NCT number NCT05331417
Other study ID # 06-AnIt-21
Secondary ID
Status Recruiting
Phase
First received
Last updated
Start date September 30, 2021
Est. completion date August 2025

Study information

Verified date April 2022
Source University Hospital Muenster
Contact Christian Ertmer, MD
Phone +49-251-8347255
Email ertmer@anit.uni-muenster.de
Is FDA regulated No
Health authority
Study type Observational

Clinical Trial Summary

Tracheobronchial reactivation of HSV-1 is a common finding in critically ill patients and is associated with longer intensive care unit (ICU) stay and mechanical ventilation.

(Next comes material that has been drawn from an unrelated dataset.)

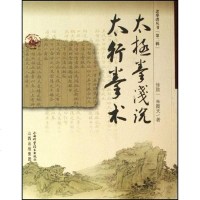 [二手8成新]太极拳浅说 太行拳术 9787537730198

At present it is unclear whether the presence of HSV-1 reactivation can be predicted by the clinical phenotype. In the present study, the performance of a bronchoscopic score of tracheobronchial inflammation for prediction of tracheobronchial HSV-1 reactivation is investigated


Description:

Critically ill adult patients having a first diagnostic or therapeutic bronchoscopy are included. A standardized bronchoscopic score (values from 0 to 6) is assessed by an experienced ICU physician. The score compounds are mucosal redness, mucosal swelling and vulnerability on contact. Compounds are quantified as "none" = 0, "some, disseminated" = 1, or "profound, ubiquitous" = 2 and added. HSV-1 reactivation is detected by quantitative polymerase chain reaction (PCR) analysis of HSV-1-DNA from standardized bronchoalveolar lavage fluid. In addition, HSV-1-DNA from blood and markers of immunocompetence (lymphocyte subtype count, monocyte count and Human Leukocyte Antigen - DR isotype (HLA-DR) expression, immunoglobulins) are measured for secondary analyses.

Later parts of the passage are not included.